Requirement ▸ All entries are to be reproduced exactly; the pictures are to be omitted.

====================

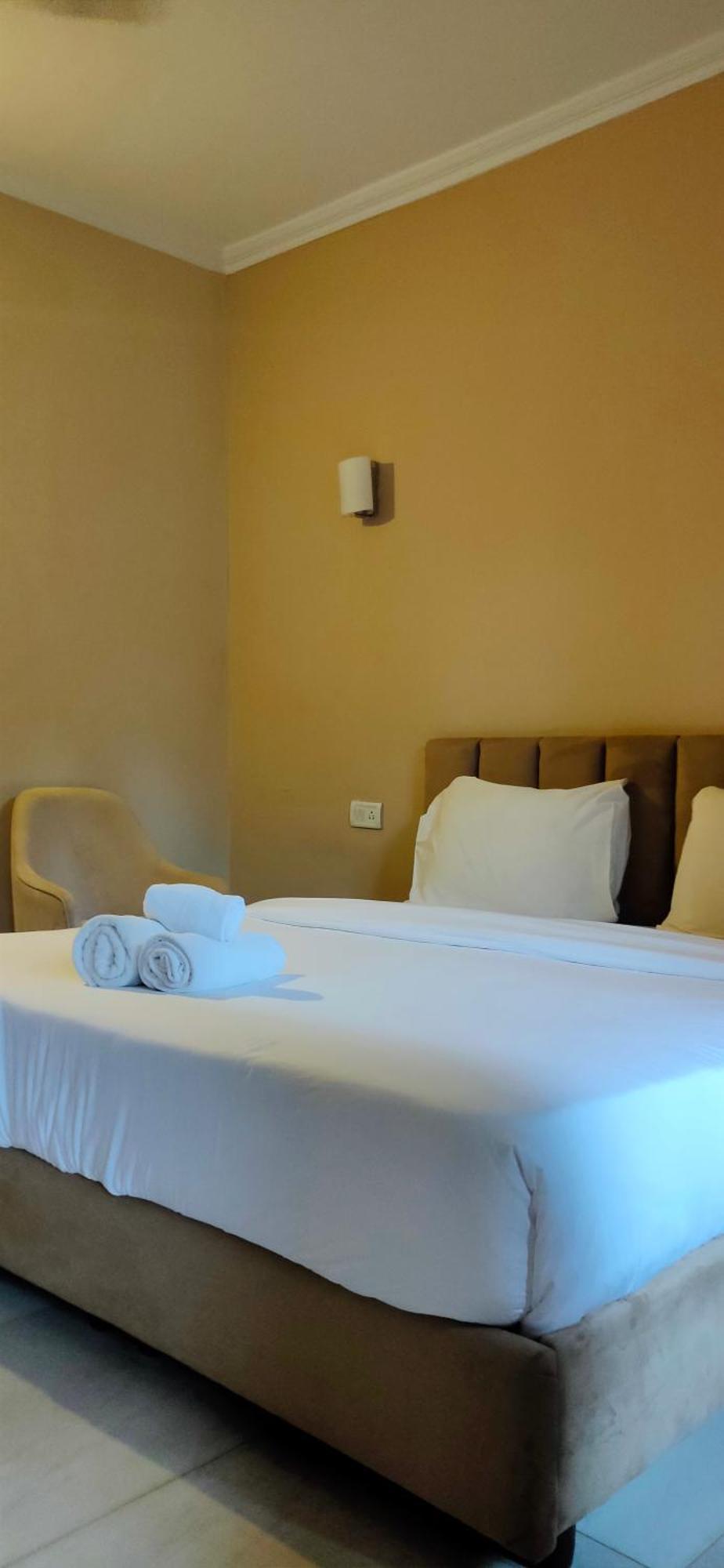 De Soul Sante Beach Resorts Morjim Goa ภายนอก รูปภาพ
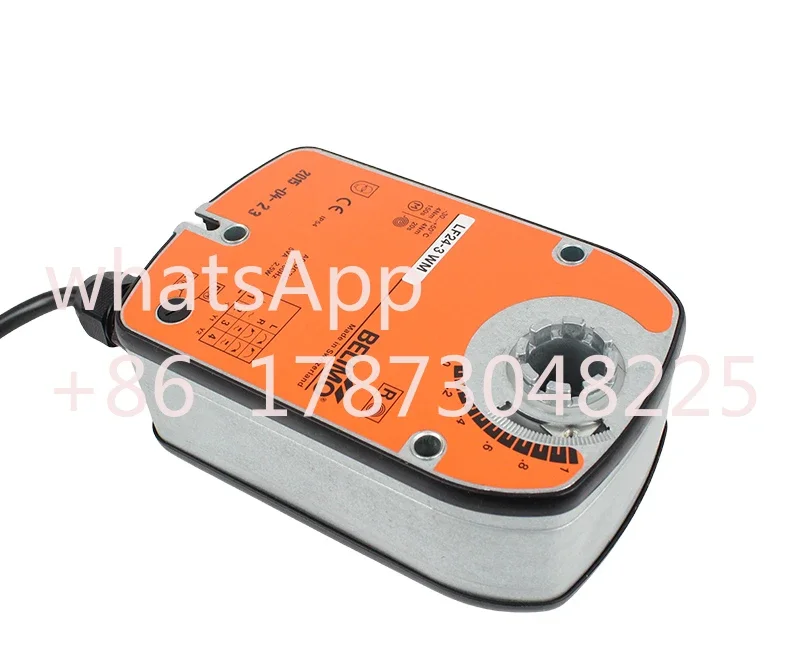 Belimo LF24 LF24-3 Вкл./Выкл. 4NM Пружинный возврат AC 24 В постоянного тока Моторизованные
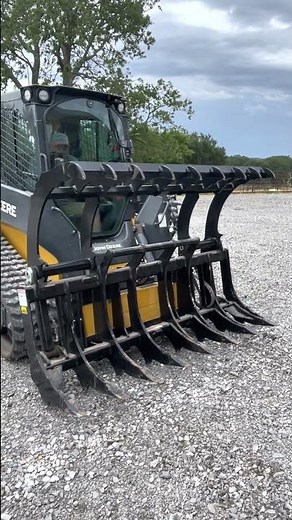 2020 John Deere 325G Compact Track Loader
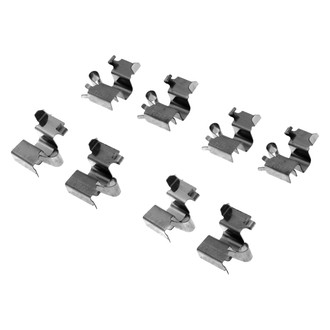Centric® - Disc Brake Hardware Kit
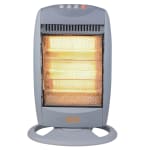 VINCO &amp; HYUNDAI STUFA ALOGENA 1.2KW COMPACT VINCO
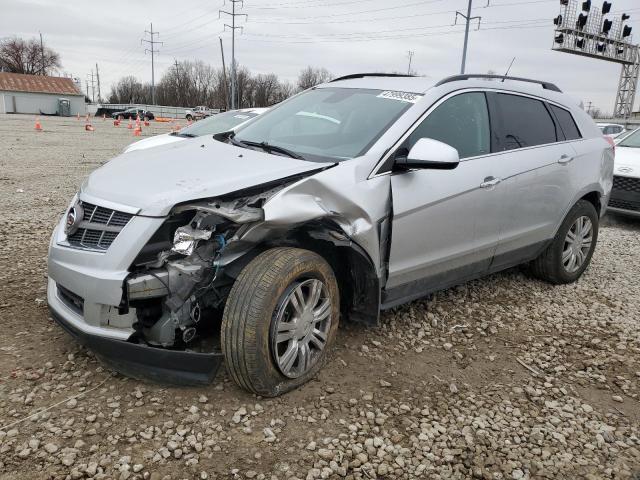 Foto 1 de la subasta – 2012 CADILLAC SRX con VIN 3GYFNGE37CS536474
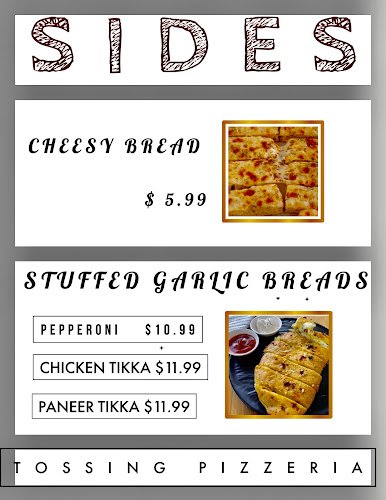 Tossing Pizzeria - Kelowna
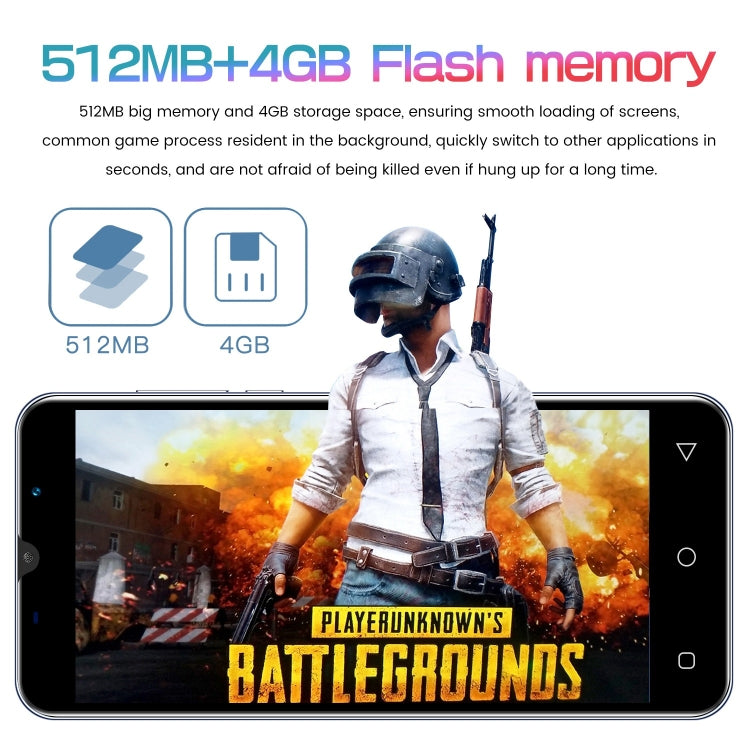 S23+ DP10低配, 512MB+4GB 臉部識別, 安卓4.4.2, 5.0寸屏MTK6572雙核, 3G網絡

====================

Response ▸
 De Soul Sante Beach Resorts Morjim Goa ภายนอก รูปภาพ
 Belimo LF24 LF24-3 Вкл./Выкл. 4NM Пружинный возврат AC 24 В постоянного тока Моторизованные
 2020 John Deere 325G Compact Track Loader
Centric® - Disc Brake Hardware Kit
 VINCO &amp; HYUNDAI STUFA ALOGENA 1.2KW COMPACT VINCO
 Foto 1 de la subasta – 2012 CADILLAC SRX con VIN 3GYFNGE37CS536474
 Tossing Pizzeria - Kelowna
 S23+ DP10低配, 512MB+4GB 臉部識別, 安卓4.4.2, 5.0寸屏MTK6572雙核, 3G網絡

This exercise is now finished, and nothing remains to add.